PROBLEM TO SOLVE — Without the pictures, retype exactly the lines from the top of the entries below through the line that contains "You'll now see".

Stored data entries
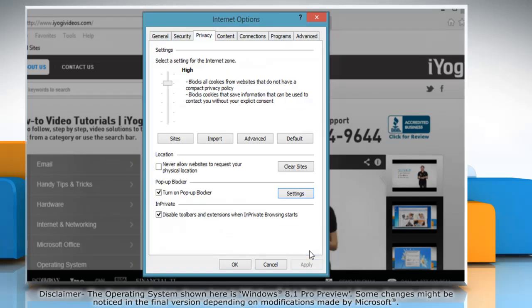Now close the window. To turn off pop-up blocker, under pop-up blocker, clear the turn on pop-up blocker checkbox and then click OK.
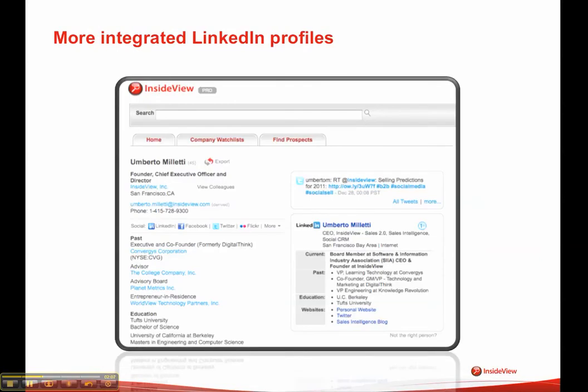You'll now see more integrated LinkedIn profiles. In fact, you'll see the LinkedIn profiles, like the one you see on the right-hand side, for virtually all contacts in InsideView. This allows you to access all the information you normally go out to find on LinkedIn separately, without leaving InsideView, or without leaving your CRM mashup, for that matter.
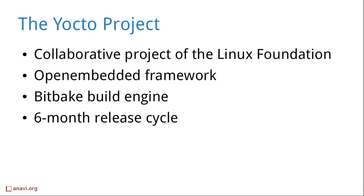Pocky is the reference system of the Yocto project with a six-month release cycle. It provides metadata divided into layers and recipes for building various packages and images.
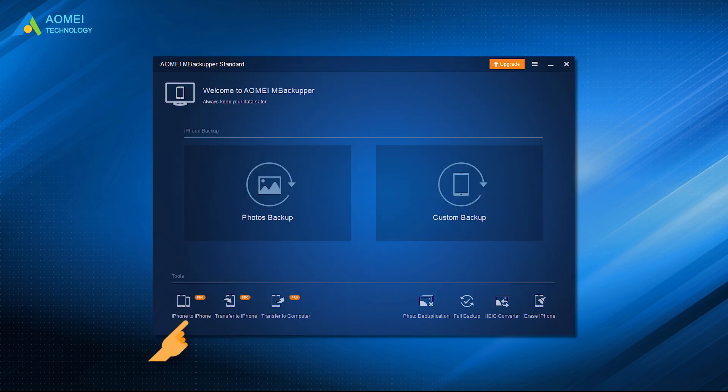You can use the iPhone to iPhone transfer feature to help you transfer all data with one click. If you want to selectively transfer data from iPhone to iPhone after setup, you can backup data on your old iPhone and then restore the data to your new iPhone.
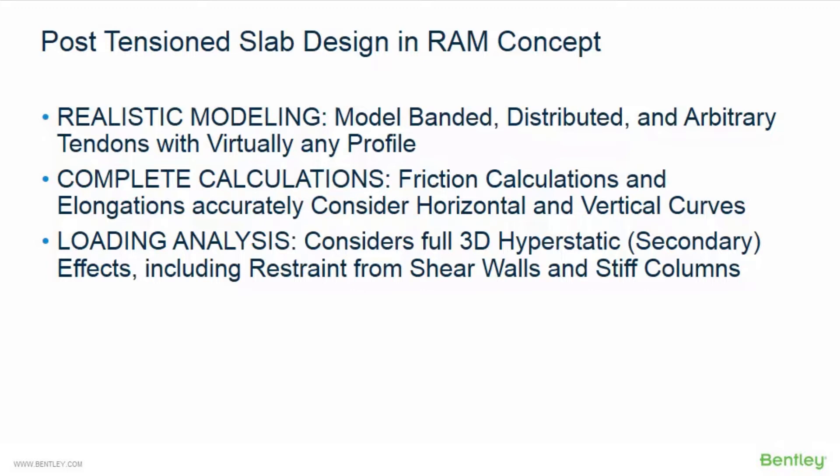These benefits include accurately understanding the effects of the tendons in the slab, accurately predicting tendon stresses and elongations, determining tendon layout problems at design time instead of during construction, and saving time by exporting a tendon layout plan.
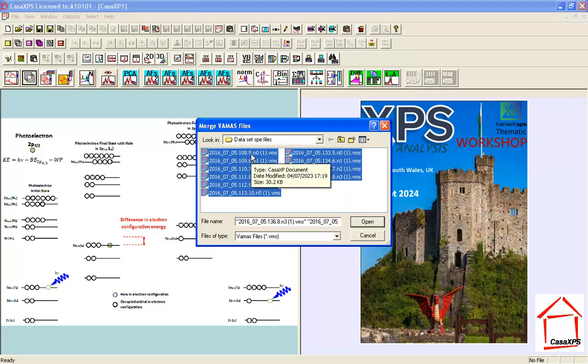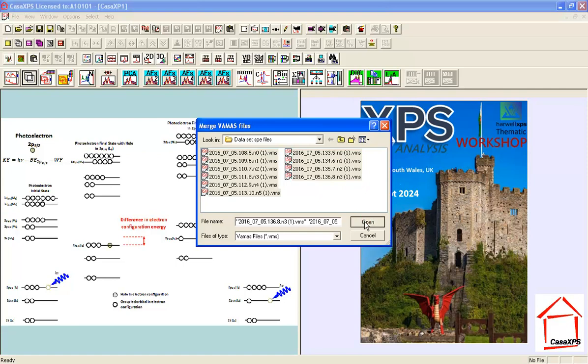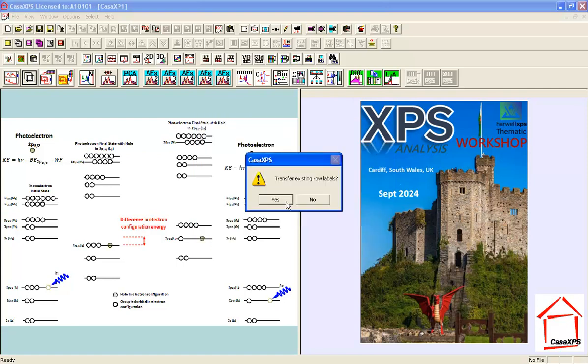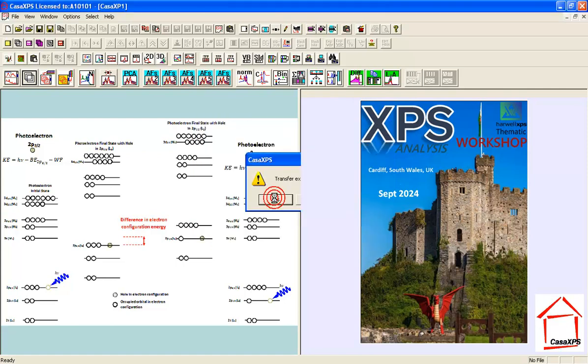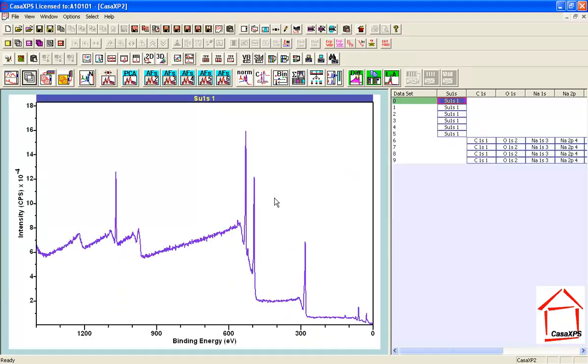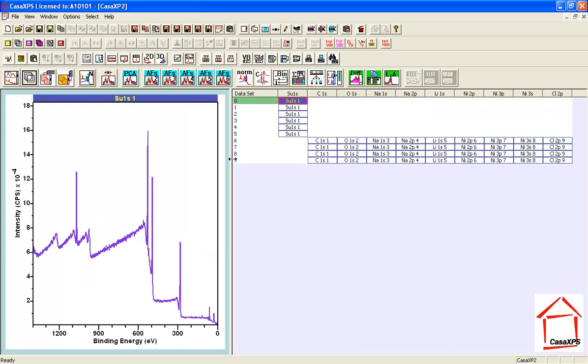...in terms of survey and high-resolution data, are in separate files. So when I open and merge these data, I end up with a VAMAS file that does not show the correct relationship between the survey measurements and the high-resolution data.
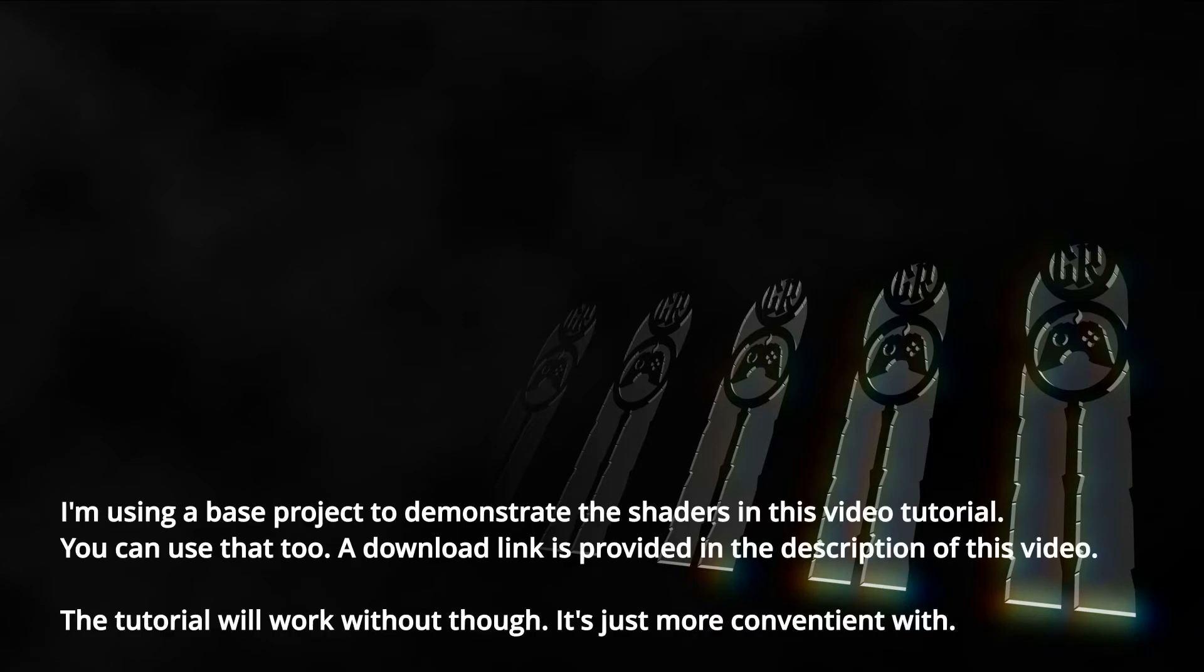Hi, I'm Rev Greg and I welcome you to this video in the tutorial series Shaders for Hobby Programmers.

RESPONSE —
Now close the window. To turn off pop-up blocker, under pop-up blocker, clear the turn on pop-up blocker checkbox and then click OK.
You'll now see more integrated LinkedIn profiles. In fact, you'll see the LinkedIn profiles, like the one you see on the right-hand side, for virtually all contacts in InsideView. This allows you to access all the information you normally go out to find on LinkedIn separately, without leaving InsideView, or without leaving your CRM mashup, for that matter.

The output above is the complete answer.